Resveratrol Supplements May Block Some Exercise Benefits – Get Resveratrol from Food Instead!

The phytonutrient resveratrol has been receiving a lot of attention lately for its antioxidant properties. However, a new study shows that taking it in supplement form may actually have certain detrimental effects.

Resveratrol is found naturally in grapes, blueberries, mulberries, cranberries, peanuts and jackfruit, along with several other foods. It is found in red wine because of the grape content, and has contributed to theories as to why the French tradition of drinking a glass of red wine with dinner is linked to longevity. Resveratrol has been associated with anti-aging properties, as well as cardiovascular health.

The study, performed at the University of Copenhagen and published very recently in The Journal of Physiology, found that for older men taking high-dose resveratrol supplements while undergoing a new and intense exercise program, the resveratrol seemed to negate some of the positive effects of the exercise.

According to Lasse Gliemann, a PhD student who was involved in the study, “we studied 27 healthy, physically inactive men around 65 years old for 8 weeks.
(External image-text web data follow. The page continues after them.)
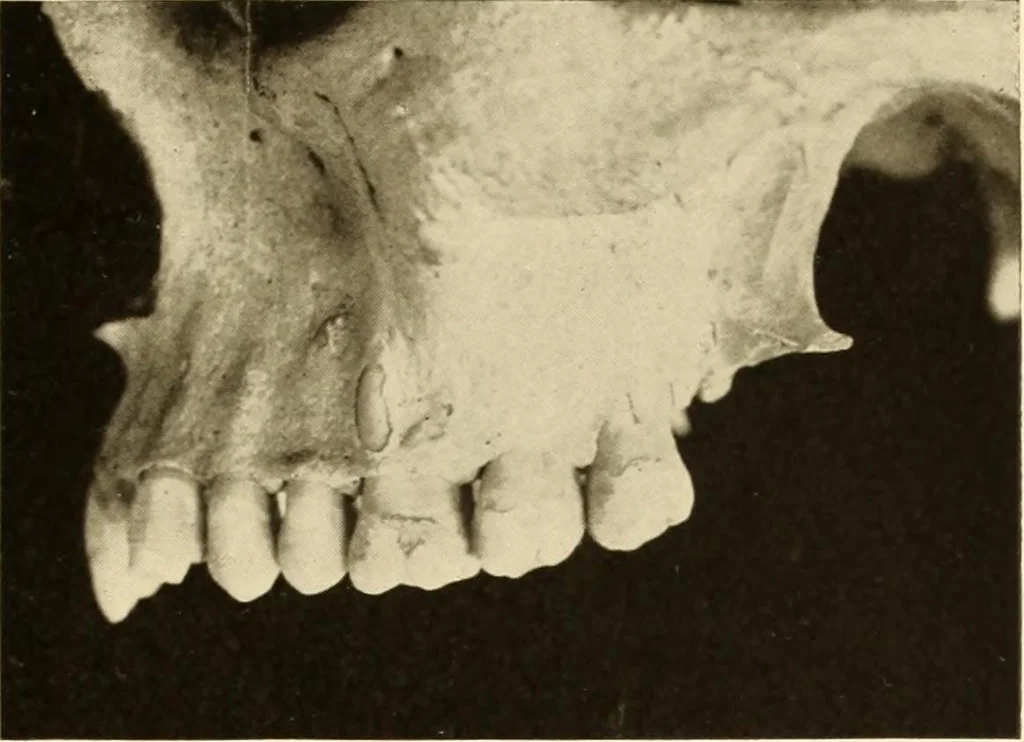 An illustration from Oral Roentgenology : a Roentgen study of the anatomy and pathology of the oral cavity, 1917, leaf 42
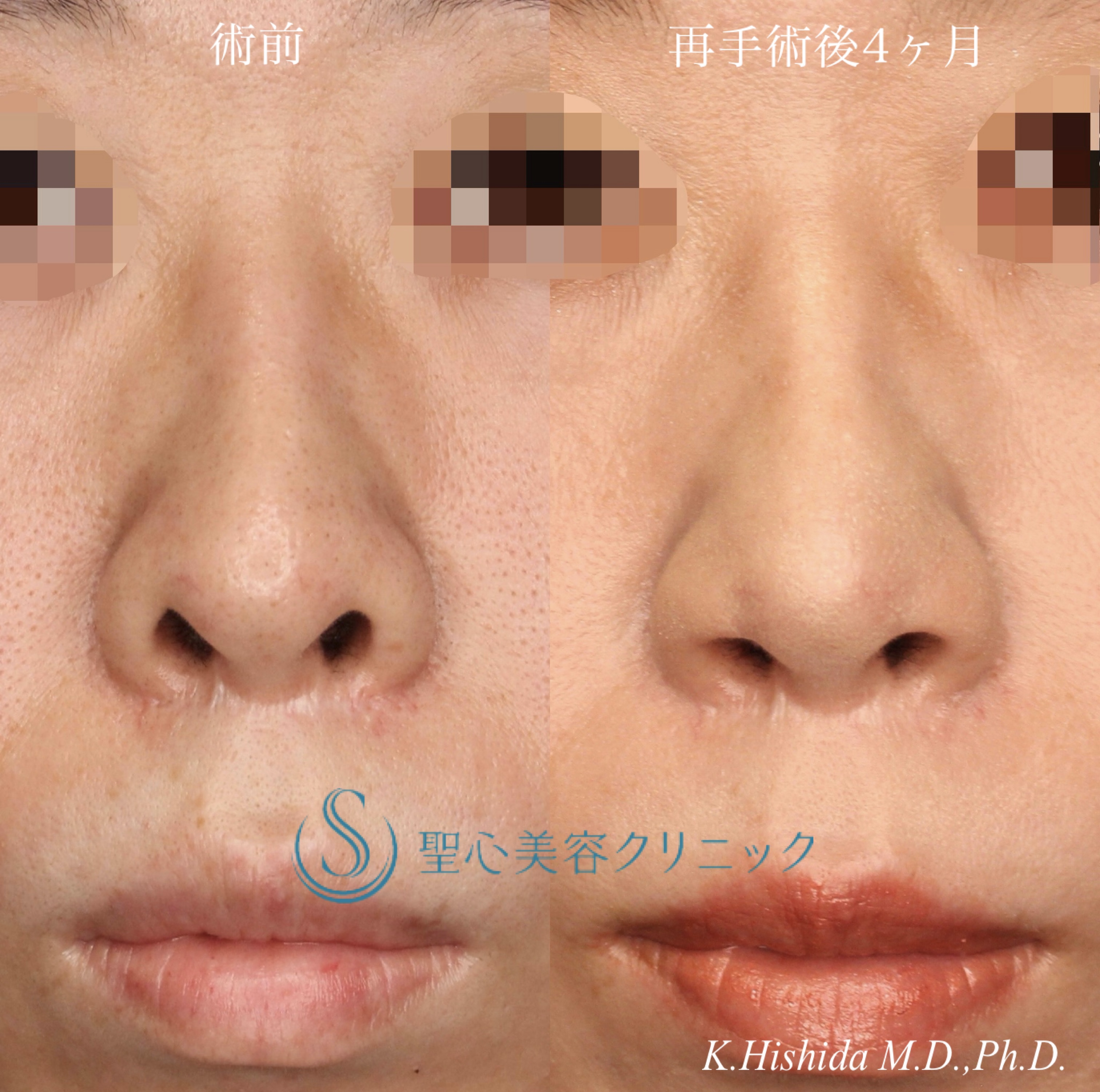 【30代女性・鼻の穴を目立ちにくくしたい】鼻孔縁下降術（再手術後4ヶ月） After 
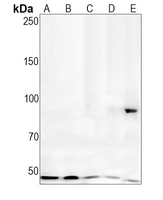 1 - Recombinant Anti-Villin Rabbit mAb AP94857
During the 8 weeks all of the men performed high-intensity exercise training and half of the group received 250 mg of resveratrol daily, whereas the other group received a placebo pill (a pill containing no active ingredient).”

Gliemann continues, “the study design was double-blinded, thus neither the subjects nor the investigators knew which participant had received either resveratrol or placebo… We found that exercise training was highly effective in improving cardiovascular health parameters, but resveratrol supplementation attenuated the positive effects of training on several parameters including blood pressure, plasma lipid concentrations and maximal oxygen uptake.”
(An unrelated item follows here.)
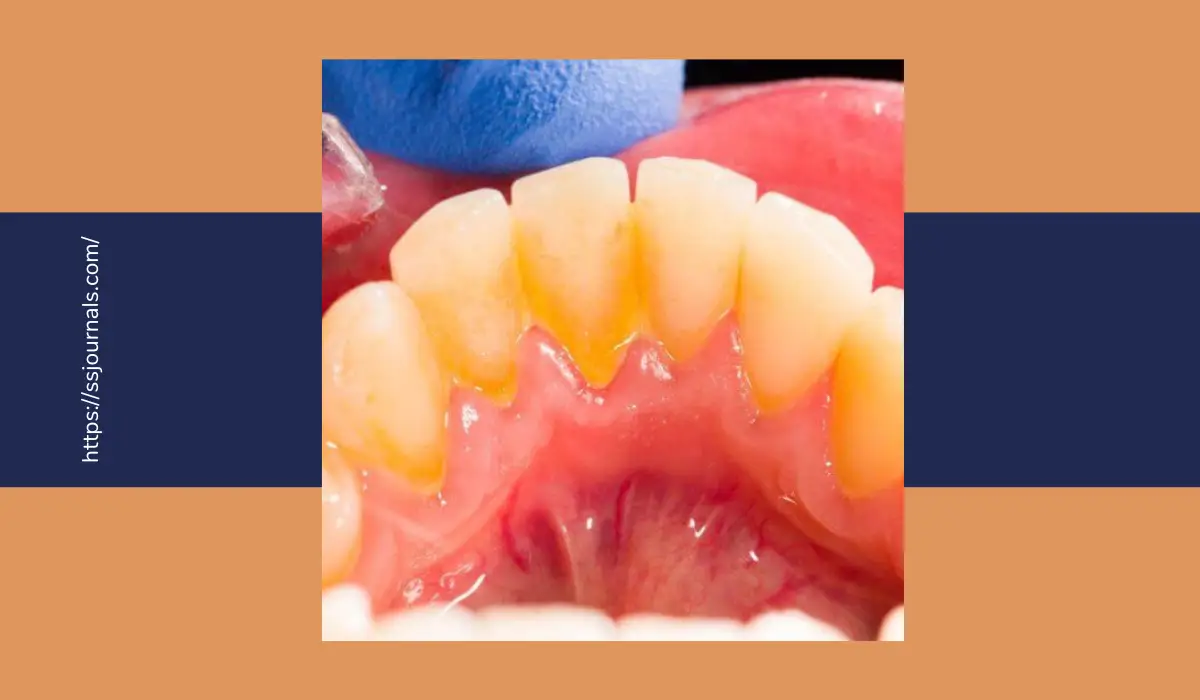 Prevent Calcium Deposits On Teeth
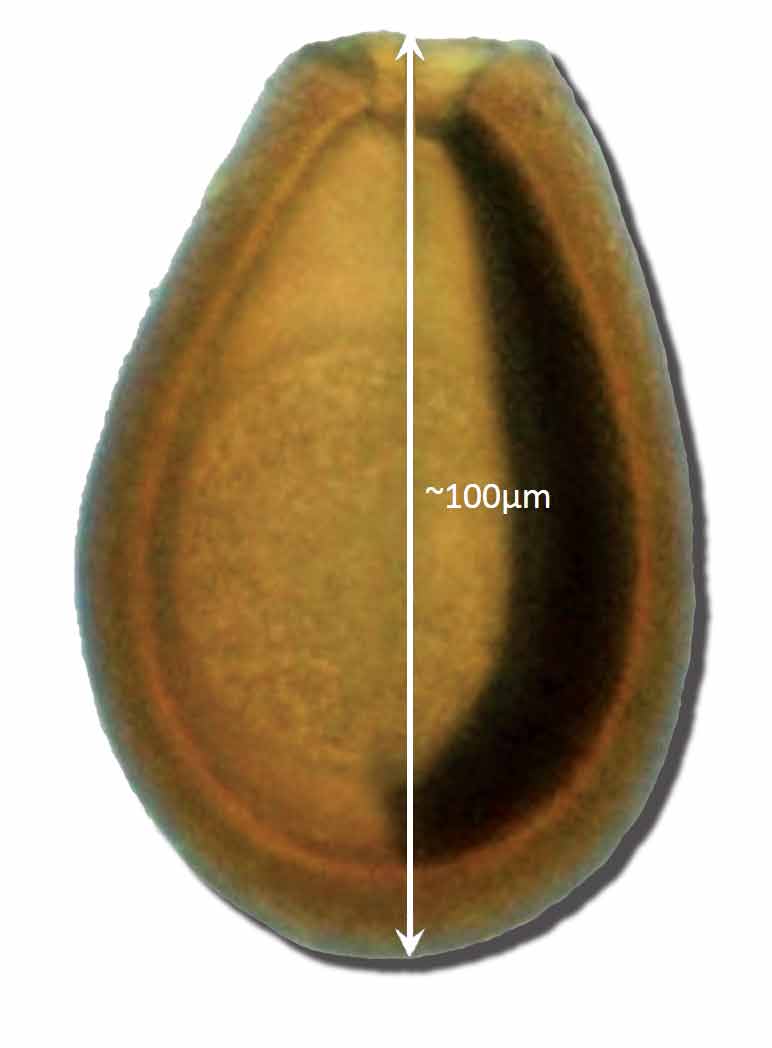 Figure 2. Oocyst of Eimeria macusaniensis.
University of Copenhagen researchers hypothesize that these results have to do with some level of oxidant stress being necessary for the body to respond to stressors such as exercise appropriately. For this reason, they speculate that too high of an antioxidant content may be damaging.

GrapesIt is important to note, however, that the men studied were around 65, and had just begun a high-intensity workout program after leading inactive lifestyles. Studies have not yet been conducted as to whether younger people, or those already leading active lifestyles, would see similar results, or very different results, from resveratrol supplementation.
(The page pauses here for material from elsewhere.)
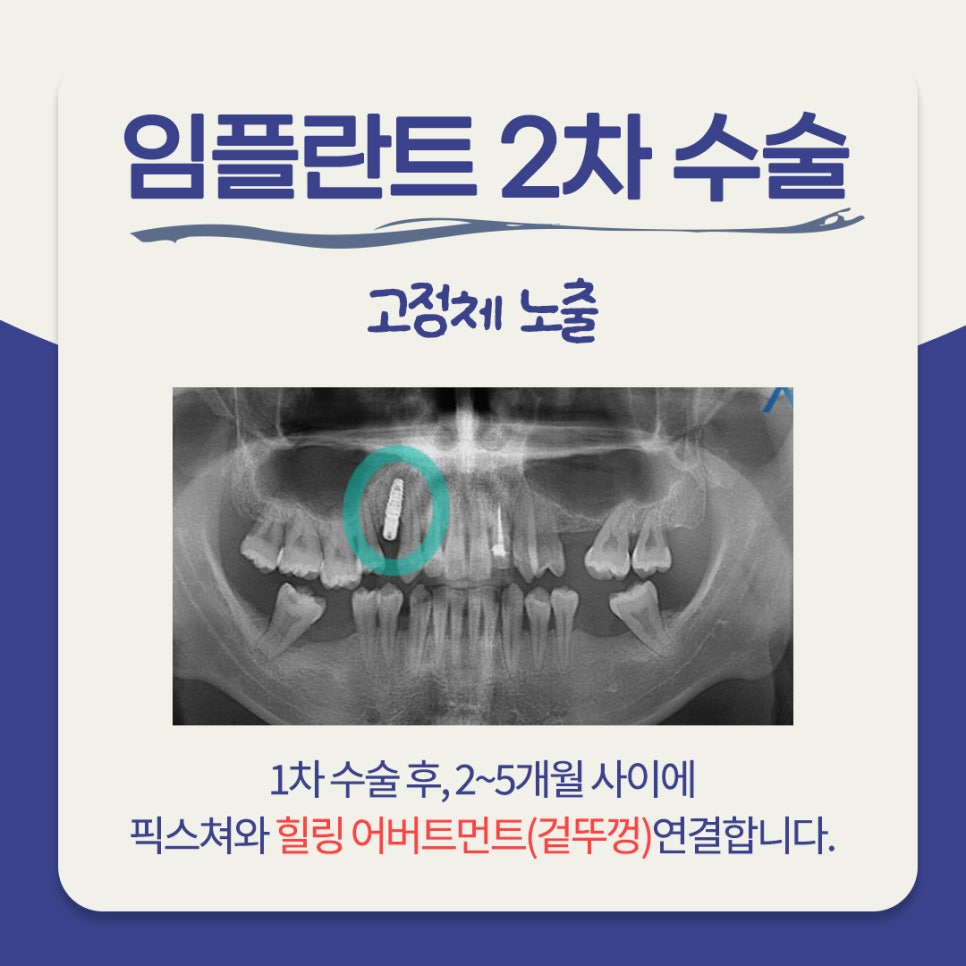 임플란트 시술과정 총 몇번 치과에 가야할까? 관련 이미지 4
Does this mean that we should eat less grapes and cranberries, and stop drinking red wine? Not at all. As Ylva Hellsten, the leader of the study, explains, “it should be noted that the quantities of resveratrol given in our research study are much higher than what could be obtained by intake of natural foods.”

So, enjoy your occasional glass of red wine and your bunch of grapes, as well as the numerous health benefits they provide, including resveratrol. Nutrients from foods are much easier for the body to absorb, and therefore more beneficial overall, than from a man-made supplement.